(DATASET CONTENT begins)
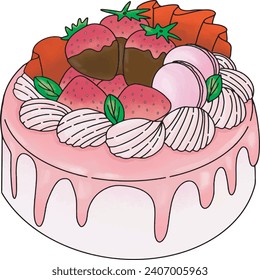 Ilustración de la celebración del pastel de comida HoleCake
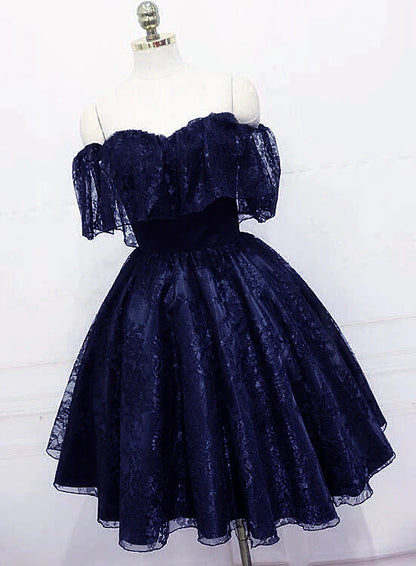 Aimishang Charming A Line Blue Lace Off Shoulder Short Formal Prom Dress Elegant Homecoming Dress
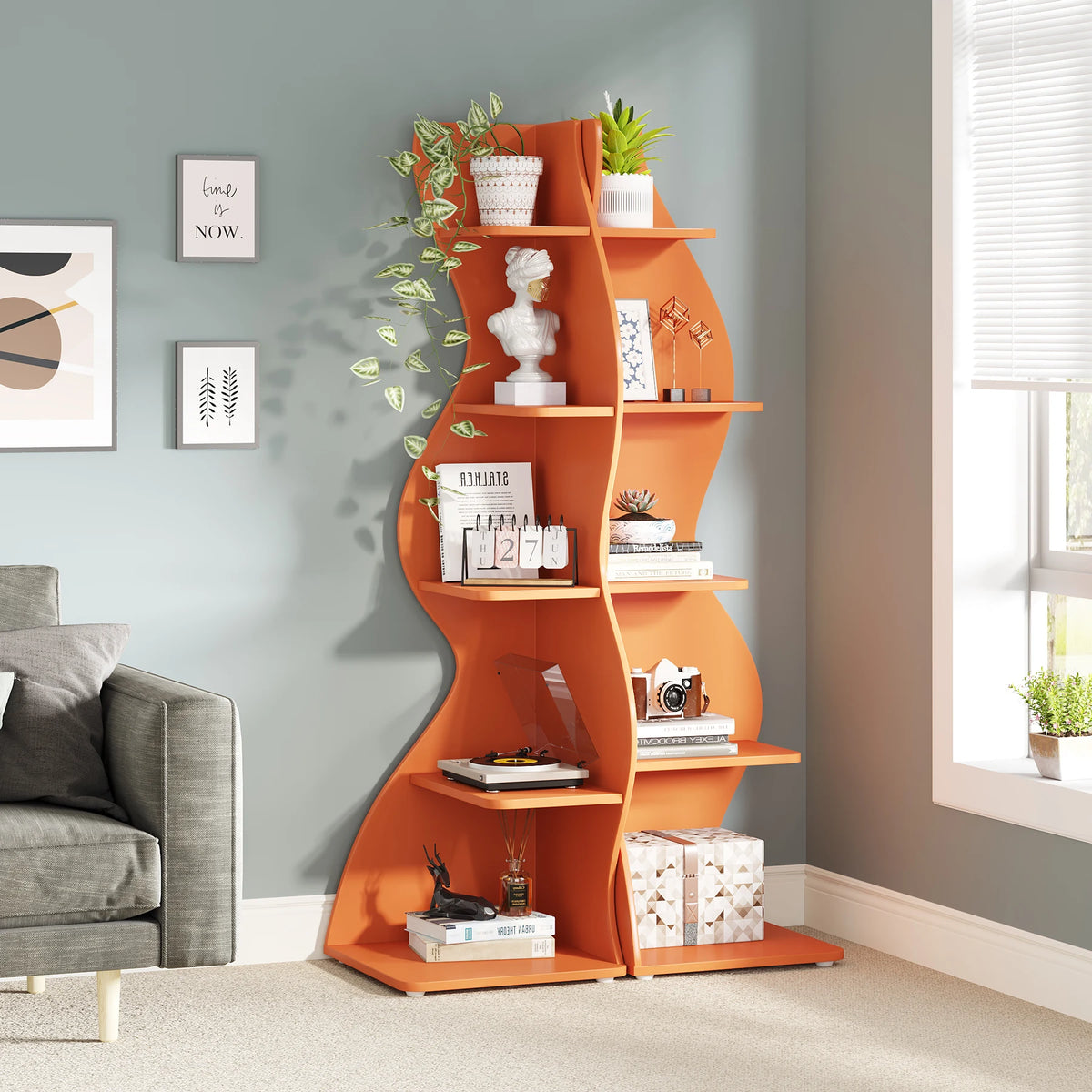 Tribesigns Modern Corner Shelf Bookcase Storage Rack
(DATASET CONTENT ends)
Please retype the listing exactly, leaving out any images.

## EXERCISE RESULT:
 Ilustración de la celebración del pastel de comida HoleCake
 Aimishang Charming A Line Blue Lace Off Shoulder Short Formal Prom Dress Elegant Homecoming Dress
 Tribesigns Modern Corner Shelf Bookcase Storage Rack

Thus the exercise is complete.